自閉症スペクトラム小学4年の息子が不登校?学校生活の困難さ

自閉症スペクトラム、または自閉スペクトラム症は、発達障害のひとつです。

中でも、知能には問題がない場合は「高機能自閉症」と呼ばれます。

他の発達障害に比べても、知能が平均以上であることもよく見られます。

かつて発達障害といえば、知能に問題のあるものばかりでした。

最近は、知能には問題がないものの、生活の中で様々な不具合や問題を抱えた状態を、発達障害と呼ぶようです。

自閉症スペクトラムとは?

特徴は?

自閉症スペクトラムの傾向としては、以下のような特徴があります。

赤ちゃん時代

  • 身体が過敏:抱っこをいやがる、のけぞる、濡れるのをいやがる

幼児期・幼児期以後

  • コミュニケーション:呼びかけにこたえない、相手の言葉をオムム返しにする、ひとり遊びが多い、指差しをしない(相手に伝えるとき)、声の大きさを調整できない
  • 運動面:ジャンプやくるくる回るのが好き(よく跳びはねる)

学童期

  • 意志:自分の決まったやり方にこだわる(柔軟性がない)、自分の世界が大きく外のルールにあわせにくい

病気ではなく個性と捉える

「障害」という名称が、病的な印象を与えることもあります。

ですが、最近の精神科医たちの解釈でも、この「障害」は、子供自身の資質の問題のことではなく、多数派の(一般的な)環境の中で暮らすとき、自分の個性を生かしずらい・発揮しようとしたときに困る、という、子供たち自身からみた「ハードルの高さ」だったのです。

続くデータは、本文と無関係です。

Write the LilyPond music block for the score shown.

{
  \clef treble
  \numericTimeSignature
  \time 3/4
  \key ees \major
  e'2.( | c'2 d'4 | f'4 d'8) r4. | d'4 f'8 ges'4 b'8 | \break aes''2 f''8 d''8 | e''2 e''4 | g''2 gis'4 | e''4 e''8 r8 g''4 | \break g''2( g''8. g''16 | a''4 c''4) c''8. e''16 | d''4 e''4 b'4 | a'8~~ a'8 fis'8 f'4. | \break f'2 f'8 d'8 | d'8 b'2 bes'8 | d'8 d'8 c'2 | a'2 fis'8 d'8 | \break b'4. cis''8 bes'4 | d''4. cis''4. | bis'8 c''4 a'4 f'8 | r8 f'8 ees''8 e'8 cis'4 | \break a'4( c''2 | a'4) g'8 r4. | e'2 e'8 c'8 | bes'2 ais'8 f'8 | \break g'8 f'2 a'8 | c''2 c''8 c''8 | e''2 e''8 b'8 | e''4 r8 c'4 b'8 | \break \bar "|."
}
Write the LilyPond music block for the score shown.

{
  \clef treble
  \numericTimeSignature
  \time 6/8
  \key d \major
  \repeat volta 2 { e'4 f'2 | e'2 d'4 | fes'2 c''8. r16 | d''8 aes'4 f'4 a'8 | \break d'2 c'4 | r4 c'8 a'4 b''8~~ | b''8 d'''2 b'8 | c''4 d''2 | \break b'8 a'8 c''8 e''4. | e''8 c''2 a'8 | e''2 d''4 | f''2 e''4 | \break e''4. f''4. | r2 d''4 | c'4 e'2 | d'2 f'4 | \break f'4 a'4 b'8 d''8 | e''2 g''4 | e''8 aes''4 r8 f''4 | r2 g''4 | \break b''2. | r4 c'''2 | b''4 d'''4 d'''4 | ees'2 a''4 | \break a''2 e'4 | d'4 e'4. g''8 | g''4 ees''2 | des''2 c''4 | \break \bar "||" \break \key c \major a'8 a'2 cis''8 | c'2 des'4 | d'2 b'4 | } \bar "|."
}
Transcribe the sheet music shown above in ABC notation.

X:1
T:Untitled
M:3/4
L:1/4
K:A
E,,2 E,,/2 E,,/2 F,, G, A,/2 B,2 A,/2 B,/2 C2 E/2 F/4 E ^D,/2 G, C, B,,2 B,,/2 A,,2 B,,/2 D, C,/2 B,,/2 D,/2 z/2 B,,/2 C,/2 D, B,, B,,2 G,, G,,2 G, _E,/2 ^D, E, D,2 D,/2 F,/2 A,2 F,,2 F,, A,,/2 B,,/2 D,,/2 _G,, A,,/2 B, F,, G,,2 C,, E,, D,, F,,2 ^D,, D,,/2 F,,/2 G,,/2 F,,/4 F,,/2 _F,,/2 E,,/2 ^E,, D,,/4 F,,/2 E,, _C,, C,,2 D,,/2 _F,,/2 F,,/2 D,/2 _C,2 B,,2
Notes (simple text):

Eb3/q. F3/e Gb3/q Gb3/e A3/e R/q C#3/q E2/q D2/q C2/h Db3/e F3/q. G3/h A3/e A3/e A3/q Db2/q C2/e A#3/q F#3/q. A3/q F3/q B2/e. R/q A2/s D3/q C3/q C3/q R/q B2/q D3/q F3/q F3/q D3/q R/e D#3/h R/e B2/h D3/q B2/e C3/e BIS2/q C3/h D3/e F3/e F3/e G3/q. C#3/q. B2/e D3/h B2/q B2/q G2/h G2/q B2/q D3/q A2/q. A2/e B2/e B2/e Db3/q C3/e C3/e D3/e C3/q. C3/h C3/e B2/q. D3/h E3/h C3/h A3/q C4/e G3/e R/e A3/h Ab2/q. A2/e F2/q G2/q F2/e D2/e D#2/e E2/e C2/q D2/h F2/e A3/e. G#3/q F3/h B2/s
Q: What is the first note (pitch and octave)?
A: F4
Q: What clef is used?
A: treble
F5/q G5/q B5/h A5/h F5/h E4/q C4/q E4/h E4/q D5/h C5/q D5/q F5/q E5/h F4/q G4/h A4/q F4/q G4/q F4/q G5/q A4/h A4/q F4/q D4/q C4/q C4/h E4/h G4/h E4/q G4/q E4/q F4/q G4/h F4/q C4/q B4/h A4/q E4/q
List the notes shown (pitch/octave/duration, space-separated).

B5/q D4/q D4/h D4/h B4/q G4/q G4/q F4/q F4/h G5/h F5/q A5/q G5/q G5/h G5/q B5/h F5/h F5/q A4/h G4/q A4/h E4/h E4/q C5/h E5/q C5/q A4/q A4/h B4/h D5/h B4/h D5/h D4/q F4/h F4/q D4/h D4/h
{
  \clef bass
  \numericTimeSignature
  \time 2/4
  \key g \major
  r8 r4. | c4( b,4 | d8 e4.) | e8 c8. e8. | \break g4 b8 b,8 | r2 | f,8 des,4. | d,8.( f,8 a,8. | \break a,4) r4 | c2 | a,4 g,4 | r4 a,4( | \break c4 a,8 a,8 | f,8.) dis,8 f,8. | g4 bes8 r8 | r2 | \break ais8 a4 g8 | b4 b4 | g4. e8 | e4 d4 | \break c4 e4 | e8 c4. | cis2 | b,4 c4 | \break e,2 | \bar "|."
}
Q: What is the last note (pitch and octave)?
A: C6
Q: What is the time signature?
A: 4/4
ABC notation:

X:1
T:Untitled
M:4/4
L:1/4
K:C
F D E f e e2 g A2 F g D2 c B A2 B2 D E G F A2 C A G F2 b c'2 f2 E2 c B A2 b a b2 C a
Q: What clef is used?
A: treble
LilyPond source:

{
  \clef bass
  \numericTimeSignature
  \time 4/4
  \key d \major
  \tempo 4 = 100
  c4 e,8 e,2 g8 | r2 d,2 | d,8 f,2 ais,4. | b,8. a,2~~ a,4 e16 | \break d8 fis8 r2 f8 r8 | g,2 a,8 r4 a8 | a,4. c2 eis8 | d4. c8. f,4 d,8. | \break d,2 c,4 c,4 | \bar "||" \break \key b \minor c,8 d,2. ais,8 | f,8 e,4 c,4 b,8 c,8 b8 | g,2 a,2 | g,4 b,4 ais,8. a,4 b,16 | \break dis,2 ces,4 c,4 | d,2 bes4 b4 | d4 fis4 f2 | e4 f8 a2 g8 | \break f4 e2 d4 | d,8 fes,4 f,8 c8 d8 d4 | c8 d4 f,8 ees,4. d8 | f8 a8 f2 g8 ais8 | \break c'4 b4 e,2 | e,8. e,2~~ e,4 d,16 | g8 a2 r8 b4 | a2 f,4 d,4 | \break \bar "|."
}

一般的な発達をした多数派の世界と、個性的な発達とした子供たちの世界の間のハードル、というのでしょうか?

最近は精神科医でも、

「発達障害は病気ではなく、脳の特性・個性」

という見解が一般的です。

ごく普通の(多数派の)子供たちとは少し違った傾向を見せる、という認識です。

病気であって個性なので、ましてや知能には問題ないかより高いので、それは治すものではない、周囲が理解するもの、という認識が広がってきているようです。

私が、発達障害について知ろうとしたとき、まずこのことは目から鱗でした!

これは病気ではない、そして、劣っているわけでもない。

ネットで情報を調べたり、特に読んでとても感動したのが、以下の書籍です。

子供の中で、何が起こっているのか、その子の立場に立って、とてもよく理解できる書籍でした。

『自閉症スペクトラムとは何か: ひとの「関わり」の謎に挑む』千住 淳/著
(ちくま新書)

サポートは?

そうは言っても、世の中は多数派が生きやすいように出来ており、また少数派(個性的な)人間・子供たちに対する理解もまだまだで、偏見によって不当な判断をされることもあるでしょう。

こういう流れの中、現在、日本の学校などでは、発達障害やその傾向のある子供たちに対しては「合理的配慮」という形で、子供たちをサポートする方向になっています。

我が子も、そうしたサポートの恩恵を受けています。

自閉症スペクトラムの疑い(我が子の場合)

現在、9歳の我が子には、こんな困った点があります。

  • 関心のあることについては強い興味を示すが、関心のないことは話を聞こうともしない
  • 初めて会った人とすぐにうちとけない(挨拶をしない)
  • 勝ち負けにこだわり、負けると激しく怒る
  • 小さなことでも怒り出すと癇癪となり、止められない(小さなことにもこだわる)

小さい頃から元気いっぱい、運動は何でもできるし、言葉もとても早く発してとてもよく話す子。

夜泣きもなく、起きている間中、熱心に遊び、育児ストレスがほとんど何もない良い子でした。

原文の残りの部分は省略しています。